The dm3-1020ea is a very handsome machine. Everything screams class, from the brushed aluminium lid and chassis to the chrome trim highlights. It's light too, at just 1.9kg, so it's ideal for those who travel frequently.
Flip open the lid and you'll be greeted by the impressive keyboard. It uses isolated keys much like those found on the latest Apple MacBooks, but, despite the laptop's small size, the layout is superb, with full-size shift and enter keys. The touchpad isn't quite up to the same standard -- it has a glossy finish that feels rather sticky as you slide your finger across it, and it also tends to retain finger smudges.
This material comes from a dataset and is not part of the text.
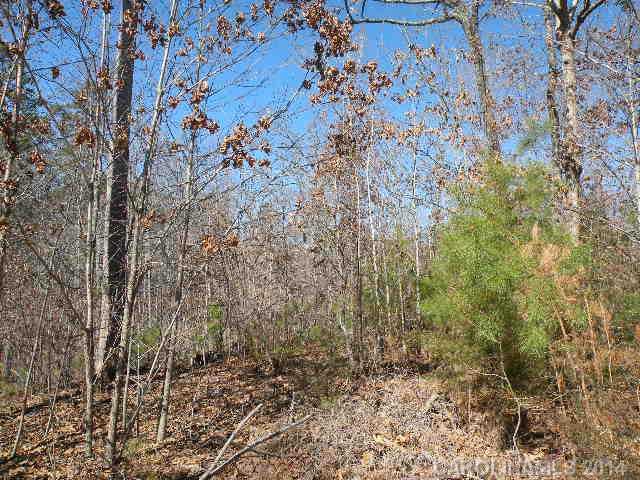 Lot 7 McKee Road, Unit 7 Fort Mill, SC 29708 - Photo 9 of 16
The two trackpad buttons are pleasingly responsive, though.
Although the laptop's screen is quite small and has a pretty ordinary resolution of 1,366x768 pixels, it's still impressive. For example, its wide viewing angle will come in handy if you're watching a movie on a train with a friend and, thanks to its LED backlighting, it looks fantastically bright. Its contrast performance is impressive too and colours look very vivid. It does use a glossy coating, however. That means the screen can prove distractingly reflective if you're using the laptop outdoors or near a window with sunlight streaming through.
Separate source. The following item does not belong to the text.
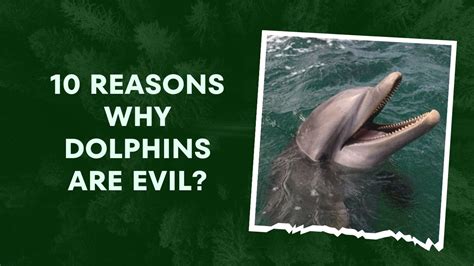 Are Dolphins Evil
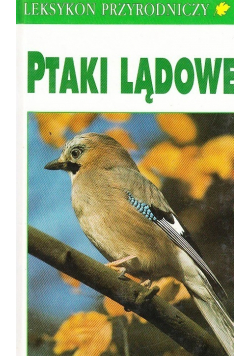 Ptaki Lądowe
The dm3-1020ea puts in a decent showing on the performance front too. It's built around a fairly fast 1.6GHz dual-core Athlon Neo X2 L335 processor, backed up by 4GB of RAM. HP has loaded the laptop with the 64-bit version of Windows 7 Home Premium, so all of this RAM is accessible to the operating system. In the PCMark05 benchmark test, the laptop posted a score of 2,948, which is pretty impressive for a machine in its class.
Ultra-portable laptops never really shine when it comes to 3D performance, but the dm3-1020ea performed better than expected. Its AMD ATI Mobility Radeon HD 3200 GPU helped it rack up a core of 1,252 in 3DMark06. This means you won't get the best out of the very latest first-person shooters, but it will handle older games with aplomb.
Even the laptop's hard drive is slightly faster than usual. The dm3-1020ea uses a 7,200rpm 320GB drive, rather than the 5,200rpm ones you'll find on most of its rivals. The small size of the machine means there's no room to fit in an internal optical drive, however, but HP supplies an external DVD+/-RW drive in the box as a compromise.
Battery life is vitally important for ultra-portable laptops, as they're designed to be used on the go. Despite its rather pacey performance, the laptop scored pretty well when in this department. In Battery Eater's intensive Classic test, it managed to keep running for 2 hours and 19 minutes, which is fairly impressive. Bear in mind that this test is very punishing, so the battery will last much longer with normal day-to-day usage.
The dm3-1020ea covers most of the connectivity bases, as it's got a VGA port, HDMI socket, four USB ports and a multi-format card reader. There's also 802.11n Wi-Fi, but it has a Fast Ethernet, rather than Gigabit Ethernet, port.
The HP Pavilion dm3-1020ea easily won us over with its combination of slick looks, long battery life and impressively speedy performance. The fact that it's available for just £550 only serves to sweeten the deal further. As a result, we think it should be near the top of your shopping list if you're on the hunt for a new ultra-portable laptop.